Parametric Estimation of Entropy Using High Order Markov Chains for Heart Rate Variability Analysis

The aim of this study is to investigate the parametric estimation of entropy and entropy rate of Heart Rate Variability (HRV) series, through the usage of Higher Order Markov Chain (HOMC) models. In HOMCs, the dynamic depends on an arbitrary number of previous steps, and not just the present state as in traditional Markov chains. After obtaining the transition probabilities, entropy and entropy rate were derived in terms of the stationary distribution. First, we empirically confirmed the convergence of the estimated values to the theoretical ones, by creating synthetic signals from HOMCs with known characteristics. Then, we tested the methodology on HRV series derived from long-term recordings of 44 patients affected by congestive heart failure and 54 normal controls.
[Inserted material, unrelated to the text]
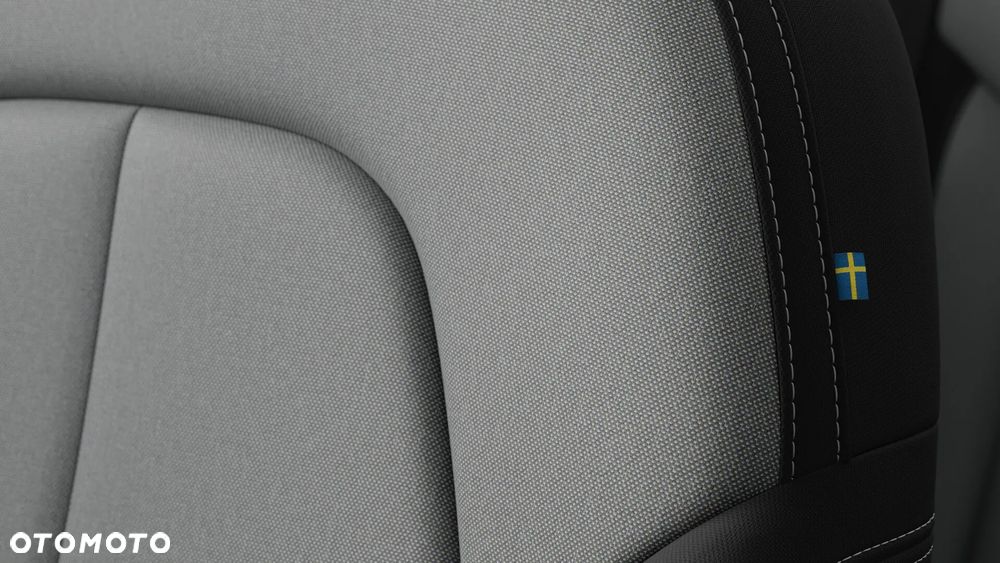 Volvo XC 40 B4 Plus Black Edition - 15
After quantization of RR series with three different strategies, metrics were estimated varying the HOMC order (up to 7) and the number of samples. As no gold standard was available, we measured the capability of entropy and entropy rate of discriminating among the two populations considered, using a support vector machine model (k = 5 fold validation). On synthetic series, the estimation error was marginal when N > 200 and smaller when the MCs were tightly connected. The classification averagely scored an accuracy of about 80% in distinguishing normal and CHF patients, with a maximum value of 86.7% (AUC = 0.92).